Let
$$x^2y''+xy'+\lambda y=0,\,\,\,\,\,y(1)=0,\,\,y(b)=0\tag1$$
Using the fact this equation is equidimensional. Calculate all associated eigenvalues.
Is $\lambda=0$ an eigenvalue?
Prove there exist infinite eigenvalues with one minimum, but there doesn't exist a maximum eigenvalue.
My attempt:
Note the equation $(1)$ is a Cauchy-Euler equation.

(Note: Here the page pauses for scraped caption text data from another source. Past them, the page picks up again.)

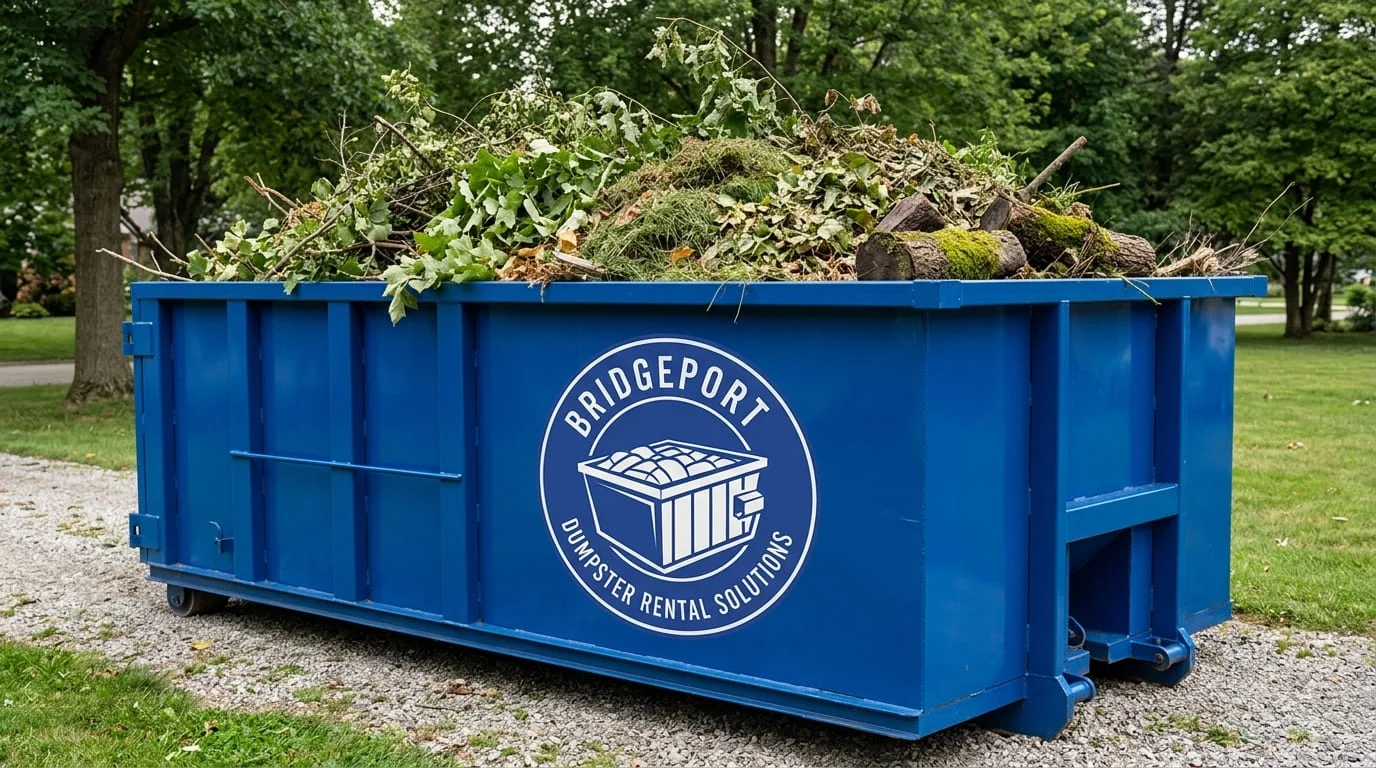 Yard Waste Dumpster Rental Bridgeport CT-img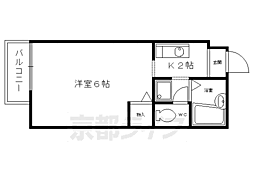 叡山電鉄叡山本線 修学院駅 徒歩7分の賃貸アパート 1階1Kの間取り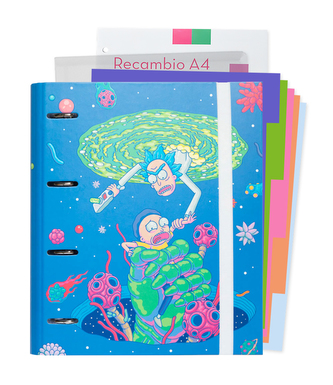 Kroužkový pořadač Rick And Morty: Virový útok se složkami (26 x 32 cm)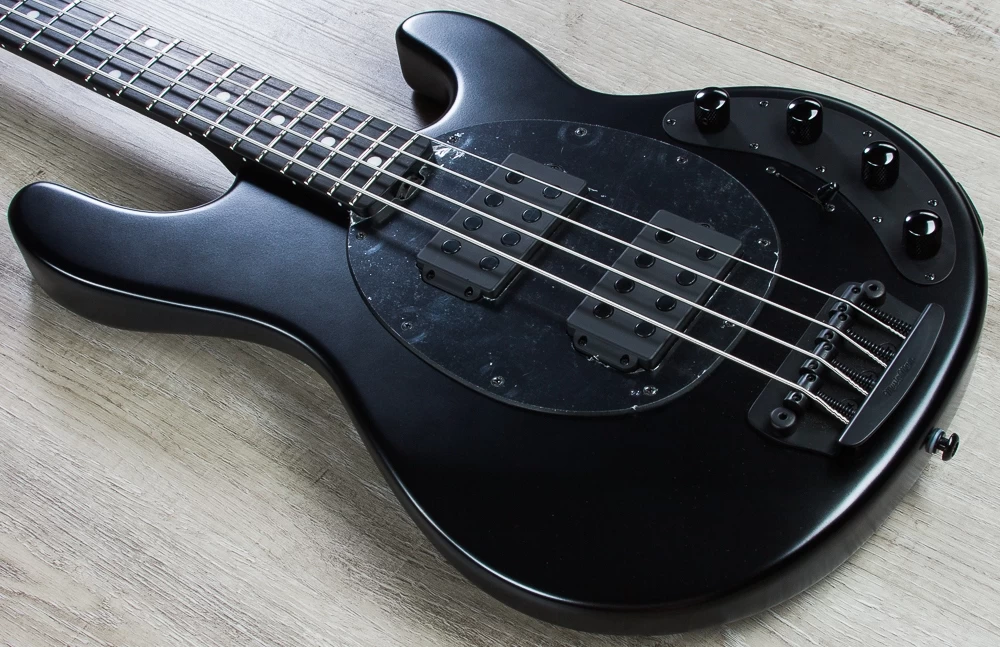 Ernie Ball Music Man StingRay 4HH Bass, Stealth Black, Ebony Fretboard 5 Ernie Ball Music Man StingRay 4HH Bass, Stealth Black, Ebony Fretboard - Image 3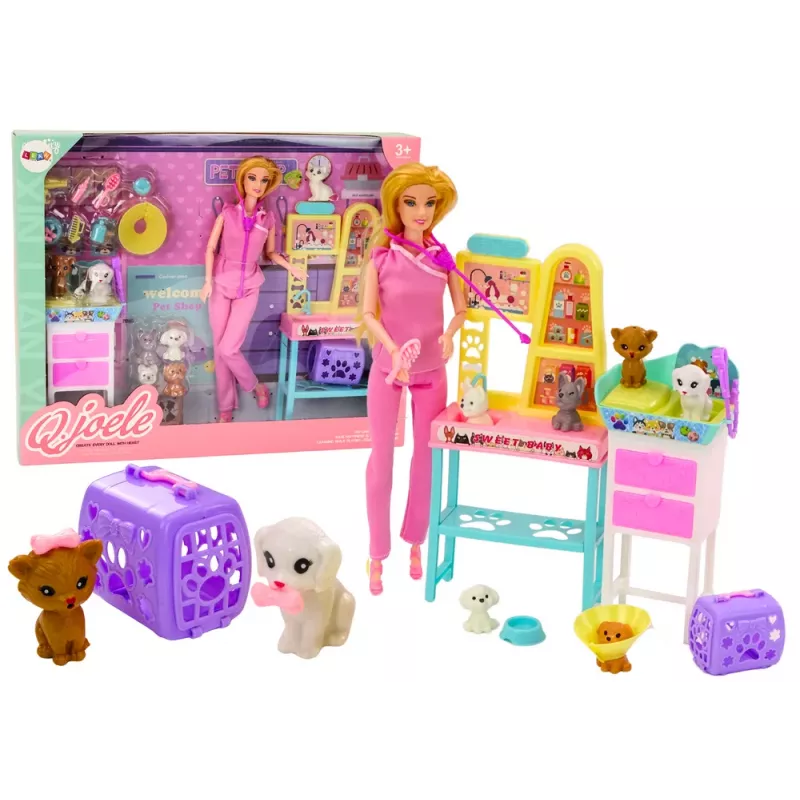 LEAN TOYS Lalaloopsy Loomaarsti Nukukomplekt Ravi- ja Mööbli, Aksessuaaride ja Lemmikloomaga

Suppose $y=x^r$ then $y'=r x^{r-1}$, $y''=r(r-1)x^{r-2}$.
Then
$$x^2r(r-1)x^{r-2}+xr x^{r-1}+r x^r=0\implies(r^2-r)x^r=0\iff r_1=0,\,\,\, r_2=-1$$
Then the solution for the ODE is: $$y(x)=C_1+C_2x^{-1}$$
Here I'm a little confused, to solve my problem. Can someone help me?
Considering
$$ \left(x^2\frac{d^2}{dt^2}+x\frac{d}{dt}+\lambda\right)y = 0 $$
after the substitution $y = x^r$ we get
$$ x^r\left(r(r-1)+r +\lambda\right)=0 $$
then
$$ r = \pm i \sqrt\lambda $$
then for $\lambda > 0$ we have
$$ y = C_1\sin(\sqrt\lambda \ln x) + C_2\cos(\sqrt\lambda \ln x) $$
and now from the boundary conditions
$$ y(1) = C_2 = 0\\ y(b) = C_1\sin(\sqrt\lambda \ln b) = 0 $$
then we conclude
$$ \sqrt\lambda\ln b = k \pi\Rightarrow \lambda_ k = \frac{\pi^2}{\ln^2 b}k^2 $$